- What needs to be done
Below are the records; print them all without any alteration.

Start of Dataset excerpts

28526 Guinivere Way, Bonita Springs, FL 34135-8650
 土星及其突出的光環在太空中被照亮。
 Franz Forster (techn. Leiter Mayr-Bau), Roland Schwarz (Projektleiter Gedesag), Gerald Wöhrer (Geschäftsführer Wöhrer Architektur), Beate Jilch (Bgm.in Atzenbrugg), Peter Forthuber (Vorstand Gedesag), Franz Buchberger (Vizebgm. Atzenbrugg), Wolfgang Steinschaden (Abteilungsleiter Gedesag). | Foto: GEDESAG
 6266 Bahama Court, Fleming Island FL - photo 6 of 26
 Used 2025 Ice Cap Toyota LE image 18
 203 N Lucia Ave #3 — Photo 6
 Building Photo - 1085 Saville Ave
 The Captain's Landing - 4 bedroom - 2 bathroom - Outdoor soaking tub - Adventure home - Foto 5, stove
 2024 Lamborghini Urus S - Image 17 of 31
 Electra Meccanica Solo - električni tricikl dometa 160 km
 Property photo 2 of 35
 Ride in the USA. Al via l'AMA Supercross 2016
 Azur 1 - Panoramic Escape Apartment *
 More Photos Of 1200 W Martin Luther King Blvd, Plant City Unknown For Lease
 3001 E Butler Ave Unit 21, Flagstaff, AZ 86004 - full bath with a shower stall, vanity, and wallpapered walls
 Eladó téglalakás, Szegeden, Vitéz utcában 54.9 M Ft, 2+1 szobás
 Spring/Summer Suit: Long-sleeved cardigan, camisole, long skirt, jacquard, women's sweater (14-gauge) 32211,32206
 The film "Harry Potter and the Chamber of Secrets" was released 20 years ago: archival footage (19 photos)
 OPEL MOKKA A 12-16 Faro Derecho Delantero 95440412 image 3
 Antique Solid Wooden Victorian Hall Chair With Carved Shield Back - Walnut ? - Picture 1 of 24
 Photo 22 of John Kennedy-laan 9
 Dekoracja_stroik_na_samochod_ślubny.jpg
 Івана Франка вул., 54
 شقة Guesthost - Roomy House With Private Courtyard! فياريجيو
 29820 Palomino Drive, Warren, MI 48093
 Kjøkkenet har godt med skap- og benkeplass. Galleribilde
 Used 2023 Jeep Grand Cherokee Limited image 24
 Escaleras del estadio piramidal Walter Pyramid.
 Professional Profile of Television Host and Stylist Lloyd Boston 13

End of Dataset excerpts

- Output of the exercise
28526 Guinivere Way, Bonita Springs, FL 34135-8650
 土星及其突出的光環在太空中被照亮。
 Franz Forster (techn. Leiter Mayr-Bau), Roland Schwarz (Projektleiter Gedesag), Gerald Wöhrer (Geschäftsführer Wöhrer Architektur), Beate Jilch (Bgm.in Atzenbrugg), Peter Forthuber (Vorstand Gedesag), Franz Buchberger (Vizebgm. Atzenbrugg), Wolfgang Steinschaden (Abteilungsleiter Gedesag). | Foto: GEDESAG
 6266 Bahama Court, Fleming Island FL - photo 6 of 26
 Used 2025 Ice Cap Toyota LE image 18
 203 N Lucia Ave #3 — Photo 6
 Building Photo - 1085 Saville Ave
 The Captain's Landing - 4 bedroom - 2 bathroom - Outdoor soaking tub - Adventure home - Foto 5, stove
 2024 Lamborghini Urus S - Image 17 of 31
 Electra Meccanica Solo - električni tricikl dometa 160 km
 Property photo 2 of 35
 Ride in the USA. Al via l'AMA Supercross 2016
 Azur 1 - Panoramic Escape Apartment *
 More Photos Of 1200 W Martin Luther King Blvd, Plant City Unknown For Lease
 3001 E Butler Ave Unit 21, Flagstaff, AZ 86004 - full bath with a shower stall, vanity, and wallpapered walls
 Eladó téglalakás, Szegeden, Vitéz utcában 54.9 M Ft, 2+1 szobás
 Spring/Summer Suit: Long-sleeved cardigan, camisole, long skirt, jacquard, women's sweater (14-gauge) 32211,32206
 The film "Harry Potter and the Chamber of Secrets" was released 20 years ago: archival footage (19 photos)
 OPEL MOKKA A 12-16 Faro Derecho Delantero 95440412 image 3
 Antique Solid Wooden Victorian Hall Chair With Carved Shield Back - Walnut ? - Picture 1 of 24
 Photo 22 of John Kennedy-laan 9
 Dekoracja_stroik_na_samochod_ślubny.jpg
 Івана Франка вул., 54
 شقة Guesthost - Roomy House With Private Courtyard! فياريجيو
 29820 Palomino Drive, Warren, MI 48093
 Kjøkkenet har godt med skap- og benkeplass. Galleribilde
 Used 2023 Jeep Grand Cherokee Limited image 24
 Escaleras del estadio piramidal Walter Pyramid.
 Professional Profile of Television Host and Stylist Lloyd Boston 13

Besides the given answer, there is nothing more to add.